(Captioned web images)
····················

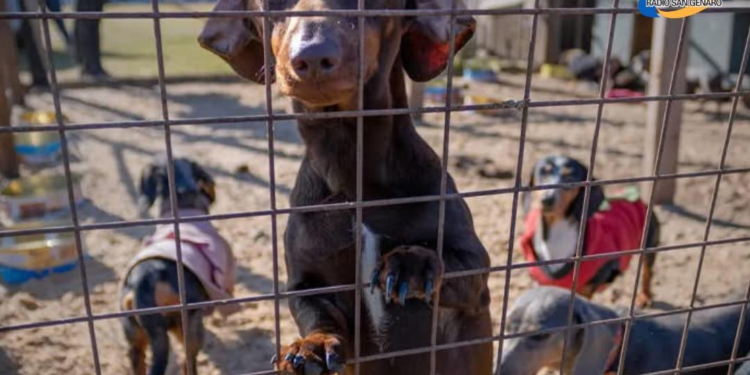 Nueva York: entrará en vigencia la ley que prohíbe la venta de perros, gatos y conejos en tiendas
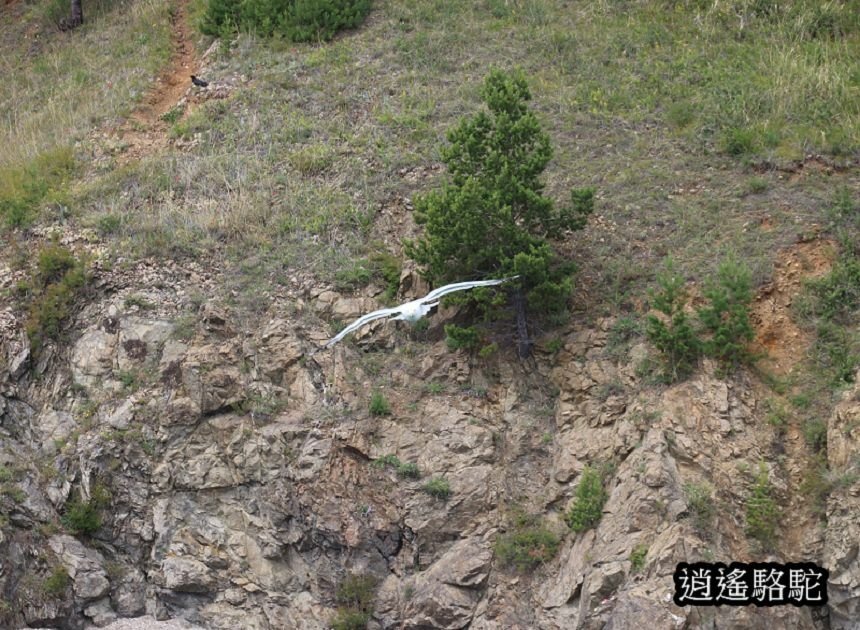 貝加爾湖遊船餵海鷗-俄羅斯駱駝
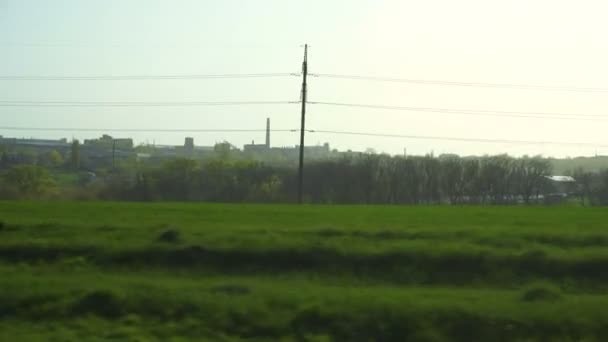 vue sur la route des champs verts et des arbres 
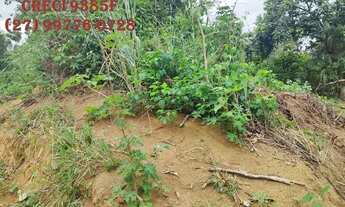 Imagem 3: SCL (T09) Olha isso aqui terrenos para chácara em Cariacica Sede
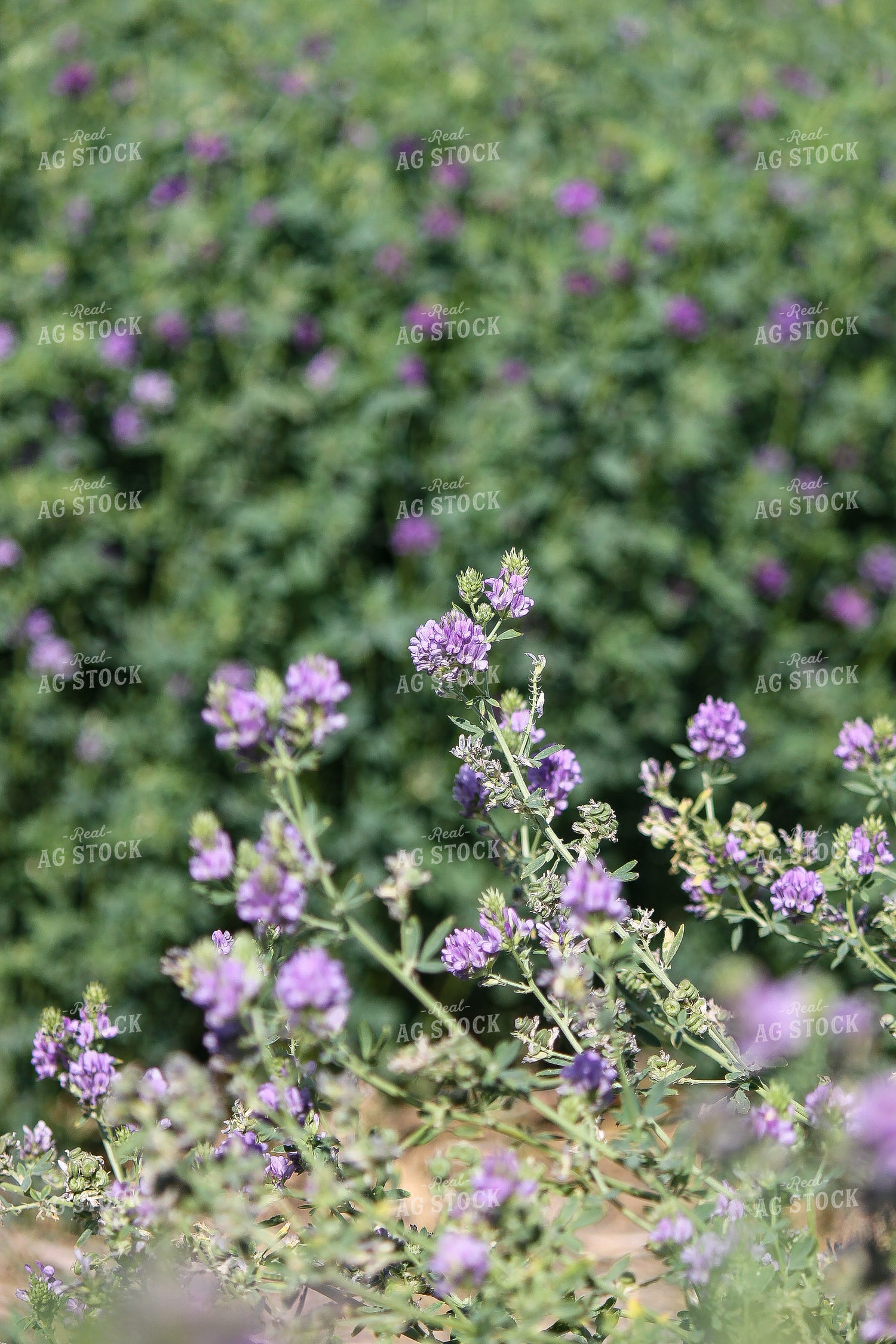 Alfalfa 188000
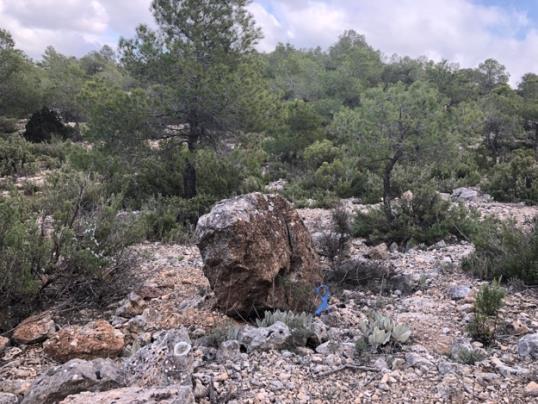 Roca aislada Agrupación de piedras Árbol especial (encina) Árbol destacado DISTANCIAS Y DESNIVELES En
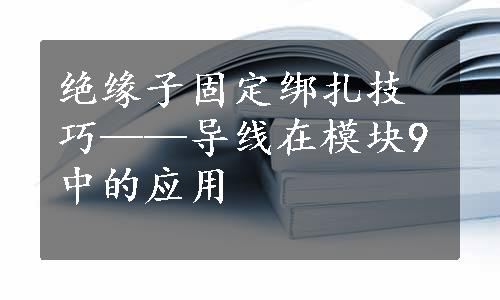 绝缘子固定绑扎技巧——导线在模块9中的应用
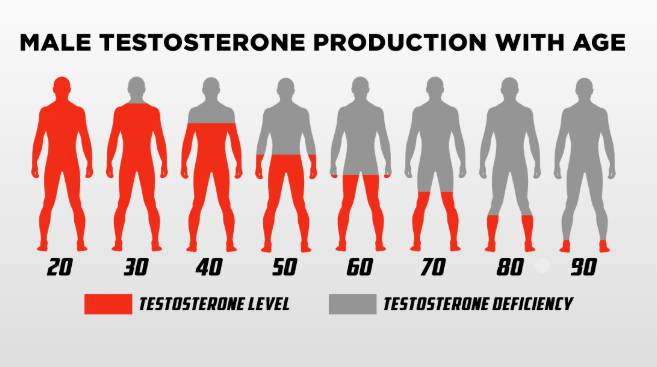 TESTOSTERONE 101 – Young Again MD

····················

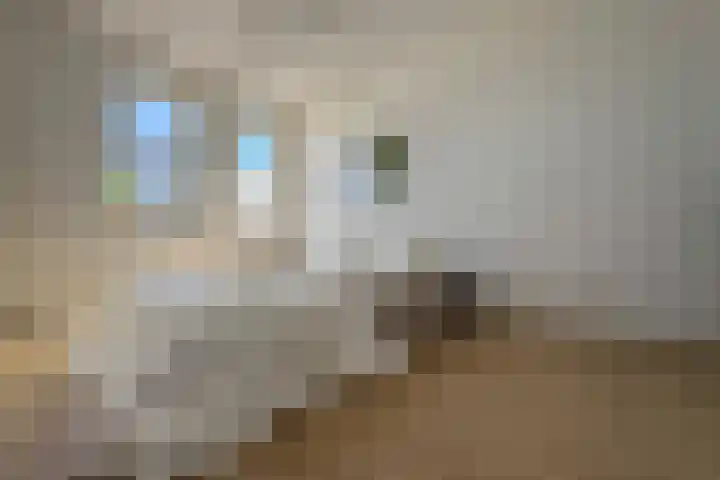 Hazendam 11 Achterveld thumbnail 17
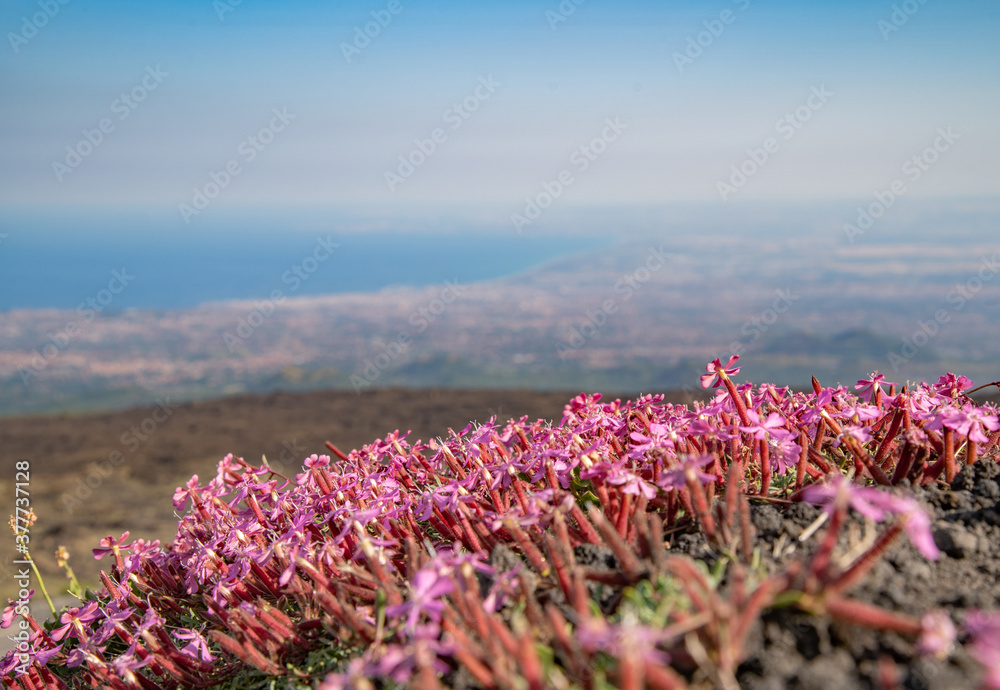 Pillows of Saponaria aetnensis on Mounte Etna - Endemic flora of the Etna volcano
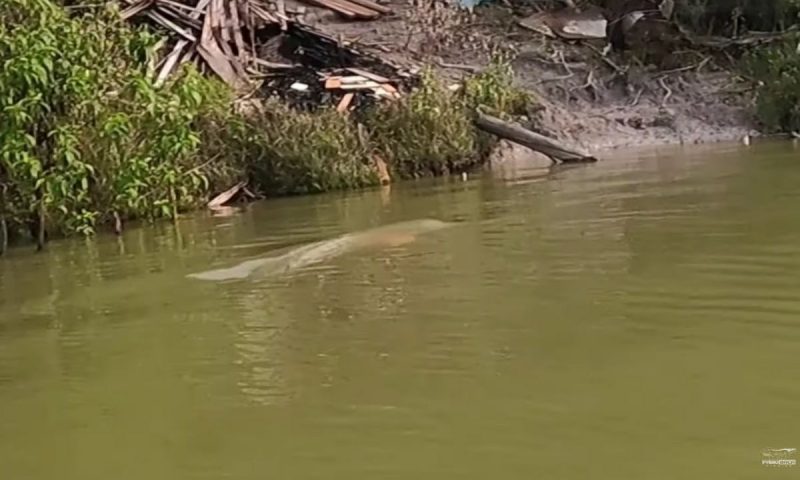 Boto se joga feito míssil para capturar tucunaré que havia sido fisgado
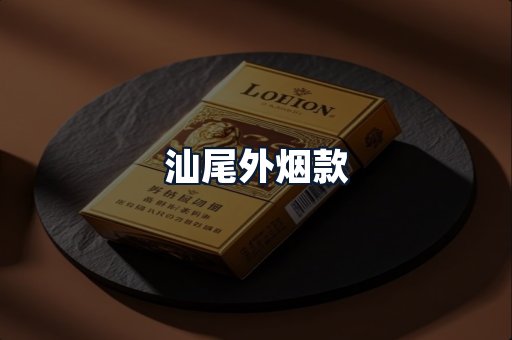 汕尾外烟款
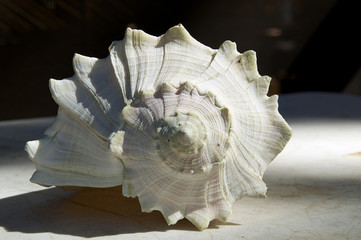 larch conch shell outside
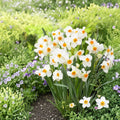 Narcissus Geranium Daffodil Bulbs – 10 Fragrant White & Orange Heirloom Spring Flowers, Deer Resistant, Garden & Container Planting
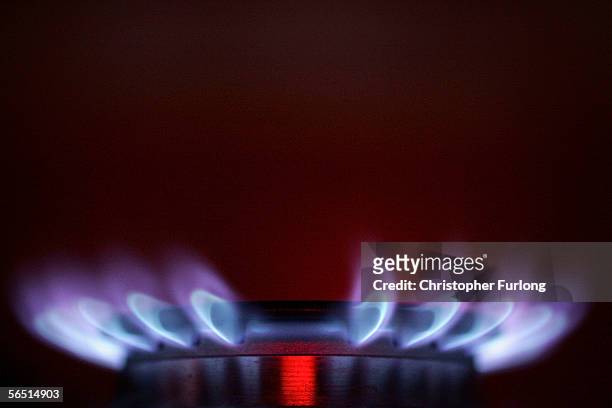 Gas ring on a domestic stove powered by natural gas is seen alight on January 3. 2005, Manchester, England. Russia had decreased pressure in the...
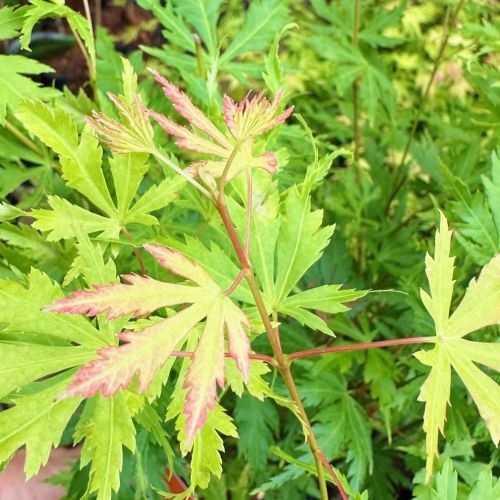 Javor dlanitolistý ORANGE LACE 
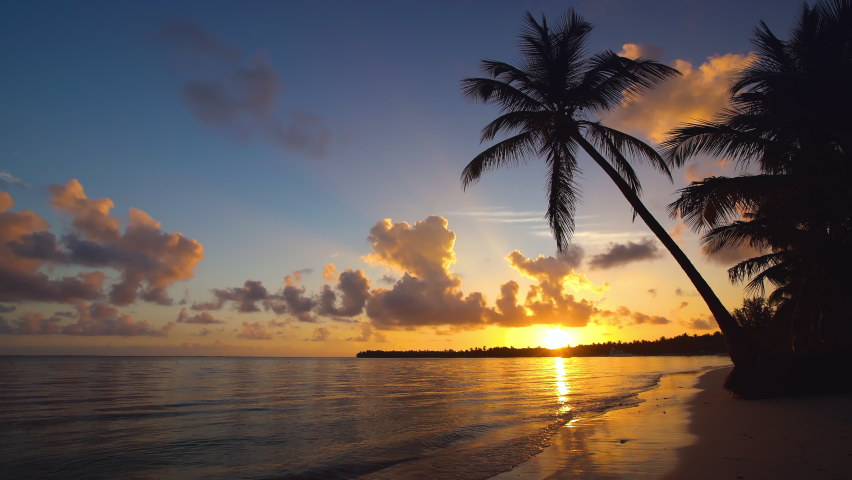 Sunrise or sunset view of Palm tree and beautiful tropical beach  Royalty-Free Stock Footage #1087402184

····················

**PROBLEM DETAILS:** What are the lines in the records above, word for word, from the one containing "Imagem 3: SCL" through the one containing "TESTOSTERONE 101 – Young Again MD", both ends included and pictures left out?

**ANSWER FOR THE TASK:**
 Imagem 3: SCL (T09) Olha isso aqui terrenos para chácara em Cariacica Sede
 Alfalfa 188000
 Roca aislada Agrupación de piedras Árbol especial (encina) Árbol destacado DISTANCIAS Y DESNIVELES En
 绝缘子固定绑扎技巧——导线在模块9中的应用
 TESTOSTERONE 101 – Young Again MD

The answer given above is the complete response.